» Assignment: The lines to copy are those in the records below that hold the word "Shirt".

» Recorded data:
╭──
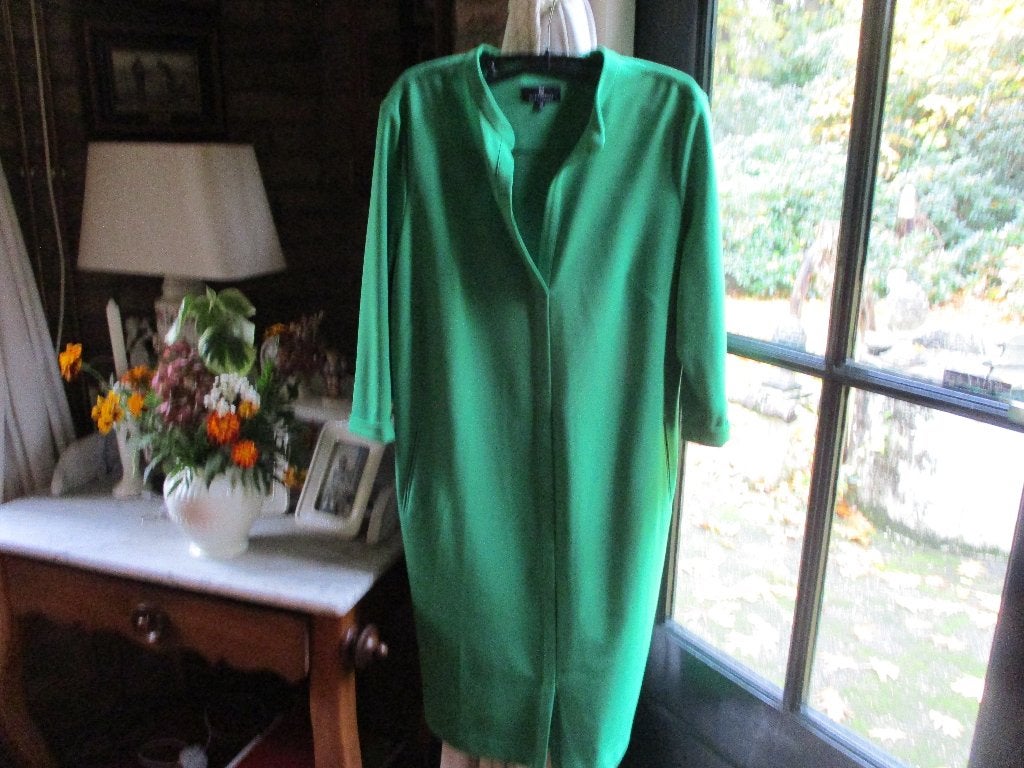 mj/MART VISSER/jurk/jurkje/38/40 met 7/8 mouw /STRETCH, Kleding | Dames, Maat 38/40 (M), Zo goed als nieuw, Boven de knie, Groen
╰──
╭──
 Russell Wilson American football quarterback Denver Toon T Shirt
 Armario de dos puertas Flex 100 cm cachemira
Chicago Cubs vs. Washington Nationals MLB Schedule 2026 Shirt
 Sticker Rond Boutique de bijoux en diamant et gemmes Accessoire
╰──
» Exercise result:
 Russell Wilson American football quarterback Denver Toon T Shirt
Chicago Cubs vs. Washington Nationals MLB Schedule 2026 Shirt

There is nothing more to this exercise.